An average Canadian in the 35–44 age group has $49,014 in a Registered Retirement Savings Plan (RRSP), as per Ratehub. While this may look like a comforting figure, the reality is different. An average Canadian earns $54,600 annually, while a retired Canadian gets an average after-tax income of $33,600 per year, according to Statistics Canada. If you want to earn the same amount as your salary when you retire, you have to invest that much into your retirement.
Around 15–30% of your retirement income could be taken care of by government pensions, depending on how much you plan to earn. As for the remaining, $38,220 to $46,410 has to come from your RRSP and other retirement savings. Assuming your portfolio gives you a 6% annual return, you will need a retirement pool of $773,500 by the time you retire to get $46,410 in annual income.

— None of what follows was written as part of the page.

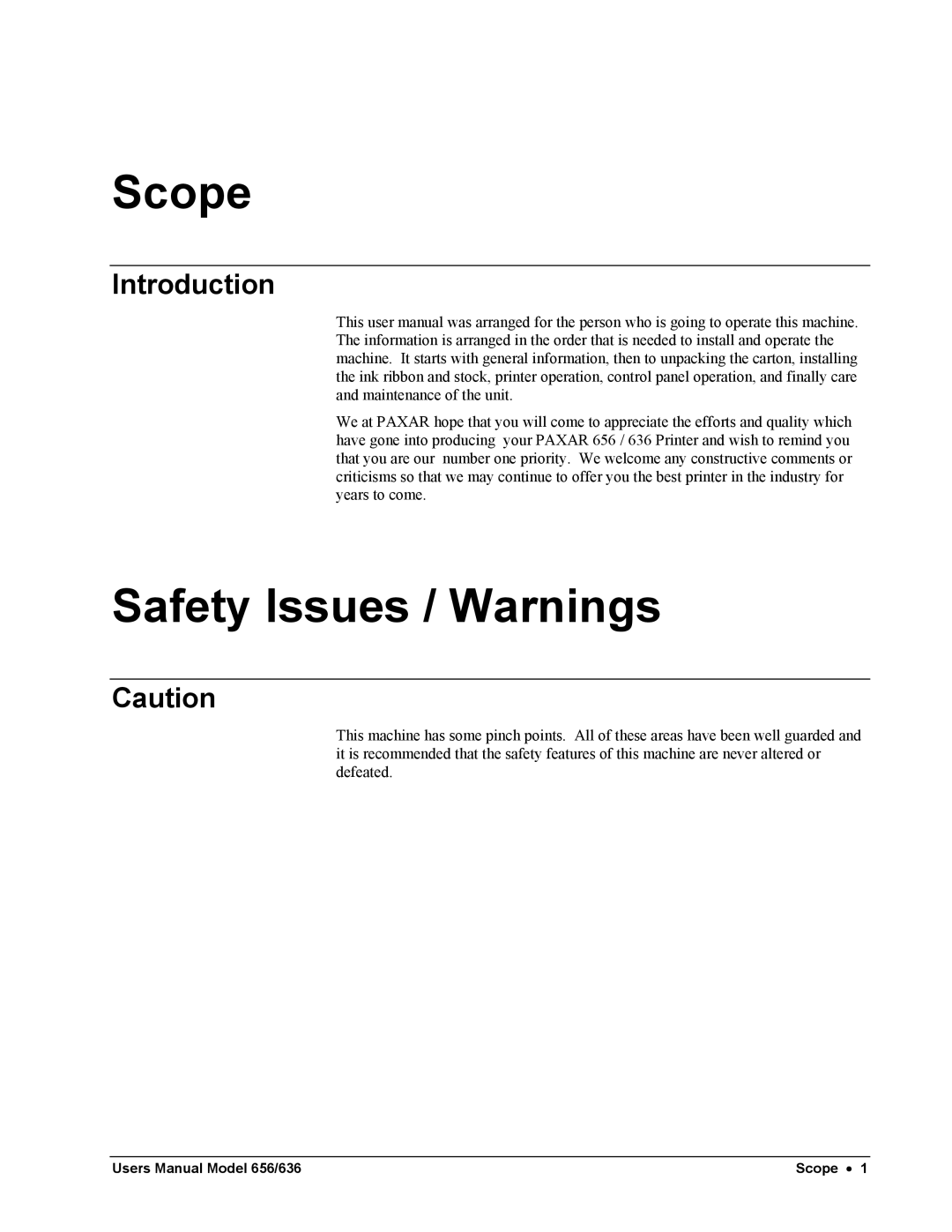 Paxar 656 / 636 user manual Scope, Safety Issues / Warnings, Introduction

Saving for retirement is a financial priority for the employed
The journey from $49,014 to $773,500 is far. Add to this a few years like 2022 when high interest rates put retirement savings on a back burner as Canadians struggled with their daily expenses. According to the Canadian Retirement Survey 2023, 45% of working Canadians in the 18–34 age group did not save for retirement in 2022. Saving for retirement has become the top priority of Canadians who are employed.
The way investments work, a $400 monthly investment at age 20 can give you $1 million at age 65 at 6% annual interest. You delay your retirement savings by 20 years, and the same $400 monthly investment will give you $273,549 at age 65. Time is money. Keeping your money invested helps you compound your income.

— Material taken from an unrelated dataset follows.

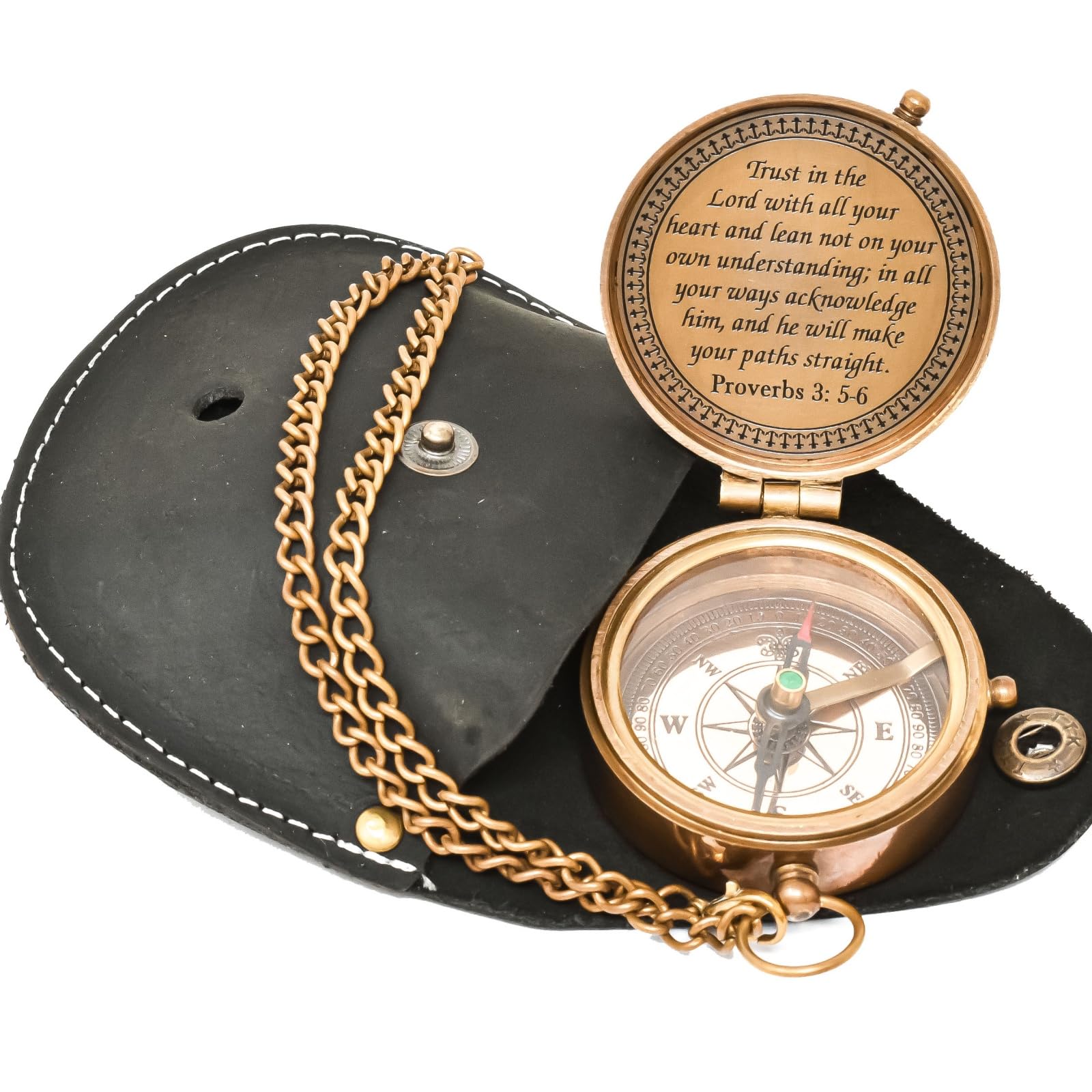 Trust in The Lord Engraved Compass - Proverbs 3:5-16 Inspirational Gift for Graduation, Missionary, Christian Faith - Perfect for Daily Devotion & Spiritual Guidance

How to plan for retirement at 40
What’s gone is gone. Now, at 40, what can you do to catch up with your retirement savings? You have $49,000 in your RRSP, and you need around $750,000 to $773,000 by age 65. Here is how you can proceed.

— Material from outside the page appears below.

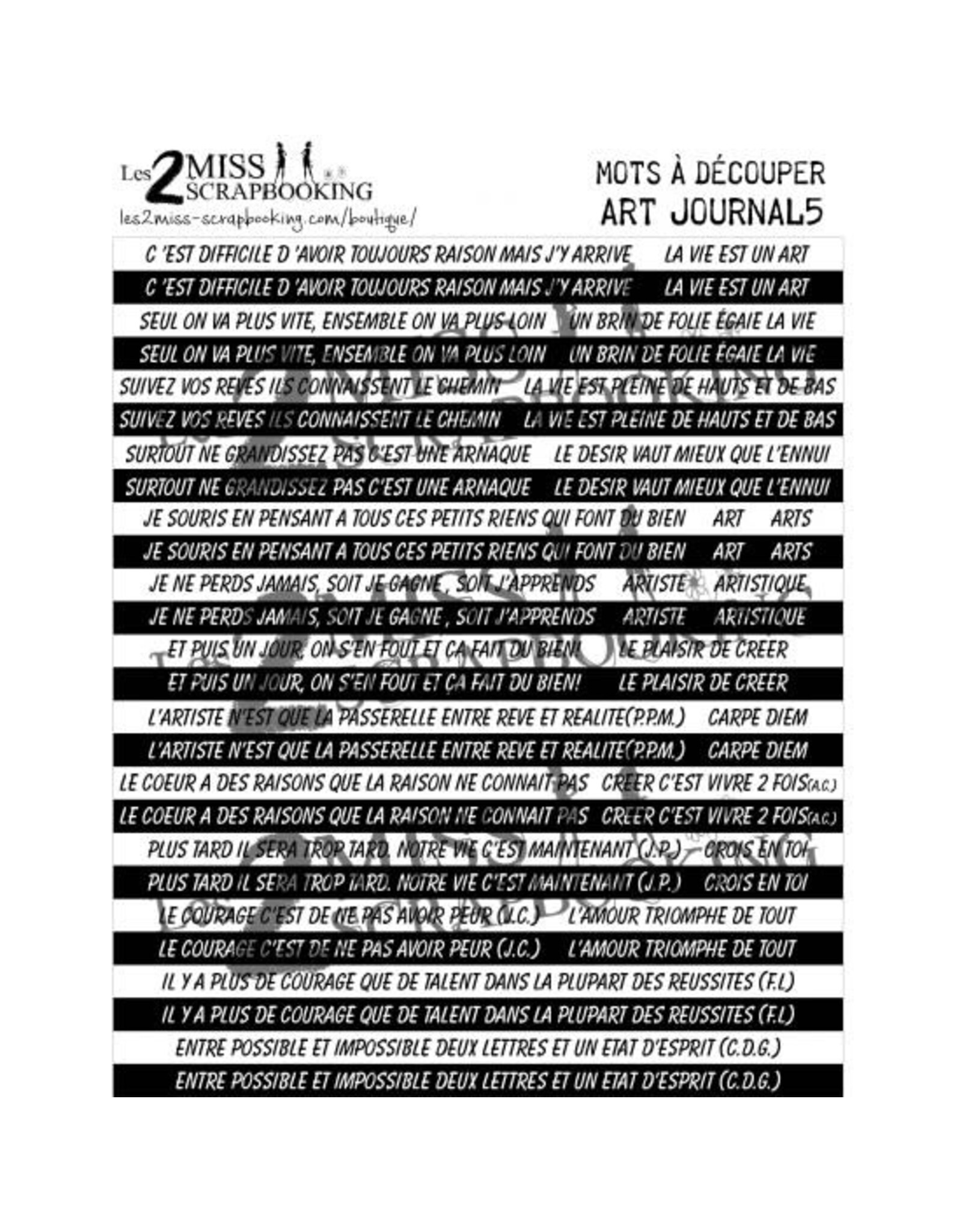 LES 2 MISS SCRAPBOOKING LES 2 MISS SCRAPBOOKING ART JOURNAL_5 MOTS À DÉCOUPER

Monthly Retirement Savings | Portfolio Annual return | Portfolio at Age 65 |
$800 | 6% | $754,000 |
$500 | 8% | $793,000 |
$200 | 10% | $780,000 |
You still have 25 years in your hands. Instead of allocating a large amount in bonds and bank deposits, you could consider investing in growth stocks that can give you an 8–10% annual return. Even a technology ETF can give such kind of returns.
Two stocks to accelerate your RRSP
You could consider investing in goeasy (TSX:GSY), a sub-prime lender. It not only gives dividends but also capital appreciation. The company has been growing its dividend at an average annual rate of over 30% in the last 10 years, with a few years of slow growth or no growth (2009–2014). The stock price has surged more than 227% in the last five years, representing an average annual growth rate of 26%.
goeasy has strong growth potential as the company expands its loan portfolio to include auto and point-of-sale loans. It is also growing its geographic reach. You could consider buying one stock every month and holding onto it for 10 years.
You could also invest $100–$120 every month in the iShares S&P/TSX Capped Information Technology Index ETF (TSX:XIT). It has 50% holdings in two of the most promising tech stocks, Shopify and Constellation Software. Although it carries a high management expense ratio of 0.6% of your investment, it is a cost-efficient and less risky way of investing in high-growth tech stocks. The XIT ETF has given an average annual return of 19% in the last 10 years. With the onset of the 5G revolution and artificial intelligence, tech stocks, especially software, could see a surge in demand, creating significant growth opportunities.
If you haven’t yet started planning for retirement, now is the time to plan actively to retire comfortably.